There is the story of the infant Krishna, wrongly accused of eating a bit of dirt. His mother, Yashoda, coming up to him with a wagging finger scolds him: ‘You shouldn’t eat dirt, you naughty boy.’

‘But I haven’t,’ says the unchallenged lord of all and everything, in spot disguised as a frightened human child.

‘Tut! Tut! Open your mouth,’ orders Yashoda. Krishna does as he is told. He opens his mouth and Yashoda gasps.

She sees in Krisna’s mouth the whole complete entire timeless universe. All the stars and planets of space and the distance between them; all the lands and seas of the earth and the life in them; she sees all the days of yesterday and all the days of tomorrow; she sees all ideas and all emotions, all pity and all hope, and the three strands of matter; not a pebble, candle, creature, village or galaxy is missing, including herself and every bit of dirt in its truthful place. ‘My Lord, you can close your mouth,’ she says reverently.

 

In any part of the universe there is a whole universe. 

Hamlet saw the infinite space in a nutshell; William Blake saw a world in a grain of sand, a heaven in a wild flower, and eternity in an hour.

Biography

Angel Albarrán (b.1969, Barcelona) and Anna Cabrera (b. 1969, Sevilla) have worked collaboratively as art photographers for over 17 years. A rich inner philosophy about memory and experience — and an alchemical curiosity for photographic printmaking — guide their aesthetic practice. Particularly influenced by Japanese thinkers and artists like Junichiro Tanizaki and Kansuke Yamamoto, their photographs question our assumptions of time, place and identity in order to stimulate a new understanding of one’s own experience and perception. For the artists, “being conscious of our surroundings isn’t just an important part of life —our surroundings and how we interpret them is life as we know it.”

Angel Albarrán’s love for photography was inspired by his grandfather. A carpenter by trade, Albarrán’s grandfather created cameras for the photographers in his province before taking up the art himself. Anna Cabrera found her passion at age 16 when her father lent her his Voigtländer camera to take on an academic trip to Paris. Since beginning their collaboration, the artists have attended workshops, learning from such masters as Humberto Rivas and Toni Catany. They have deepened their personal beliefs through through the world of literature, and through extensive travels in East Asia and Western Europe.

While inspired by literature, painting, film, and philosophy, Albarrán Cabrera specifically employ the medium of photography to convey their worldview:

Viewers interpret photographs subjectively by relating them to culture, experience and memory. This means that as photographers, we can explain complex subject matter, or the relationship between various subjects, without using verbal language and its linguistic code. Instead, we use images and prints. We feel that photography can help viewers understand challenging concepts in a different way. A set of images creates a harmony between the viewers’ wavelength and our own.

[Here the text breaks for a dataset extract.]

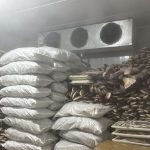 Fiscalização identifica irregularidades em frigorífico de pescados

There is a gap between reality and what we understand as real. And photography (as Japanese dramatist Chikamatsu once said about art) lies in the frontier between the real and unreal, the true and the false. So it helps us to “see” what is hidden from us.

Albarrán Cabrera tirelessly experiment with a diverse range of printing processes such as platinum, palladium, cyanotype, and gelatin silver print. While often toning their darkroom prints with selenium, sepia, or tea, the artists also invent their own methods to add tonal depth to their artworks. The artists use hand-made gampi paper and gold leaf for their pigment prints that emit a radiance akin to Japanese silk painting.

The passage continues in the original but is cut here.